Pourquoi la navigation intéresse autant les neurosciences
Ce n’est pas une piste sortie de nulle part. Des travaux plus anciens avaient déjà montré que la formation des chauffeurs de taxi de Londres, avec l’épreuve très redoutée du Knowledge, modifiait la structure du cerveau.
À l’UCL, des chercheurs ont observé que l’hippocampe augmentait chez les conducteurs en formation, un peu comme un muscle qu’on travaille souvent. Or cette région joue un rôle clé dans l’orientation et le traitement de l’espace. C’est aussi l’une des premières à se rétracter quand Alzheimer s’installe.
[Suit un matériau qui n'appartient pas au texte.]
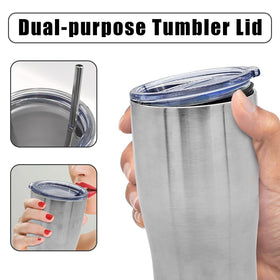 Amgkonp lid for SUNWILL 30oz keeps beverages contained while you work.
Hugo Spiers, professeur de neurosciences cognitives à l’UCL et responsable du projet Taxi Brains, explique même que le recul de l’orientation spatiale peut commencer avant la perte de mémoire. Il estime que si la navigation fréquente augmente l’hippocampe, elle pourrait offrir une réserve physique et cognitive utile face à la maladie. Il rapproche cela d’une autre idée bien connue, celle de la réserve cognitive, déjà associée à un niveau d’éducation plus élevé et à des activités mentales soutenues.
Ce que l’étude ne dit pas encore
Mais il y a un bémol. Les chauffeurs de taxi et les conducteurs d’ambulance semblaient aussi mourir plus jeunes. Et comme Alzheimer touche davantage avec l’âge, une partie du résultat pourrait s’expliquer ainsi.
Hugo Spiers résume la prudence à avoir en affirmant, « cet article n’est pas une publicité pour devenir chauffeur de taxi, malheureusement, ils meurent plus tôt ». Il ajoute que les chercheurs ont refait leur analyse en corrigeant l’effet de l’âge et qu’un effet significatif persistait.
Autre limite, les données de mortalité sont historiques. Beaucoup des conducteurs étudiés utilisaient sans doute moins le GPS qu’aujourd’hui. Pour Hugo Spiers, les résultats pourraient donc évoluer avec les usages.
Son conseil reste très concret : sortir, marcher ou courir dans la nature, si possible en forêt, sans s’en remettre en permanence au GPS. L’idée, dit-il, est de mobiliser l’orientation, de bouger et d’être au contact de la nature. Avec des amis, c’est encore mieux, car les liens sociaux comptent aussi dans le vieillissement du cerveau.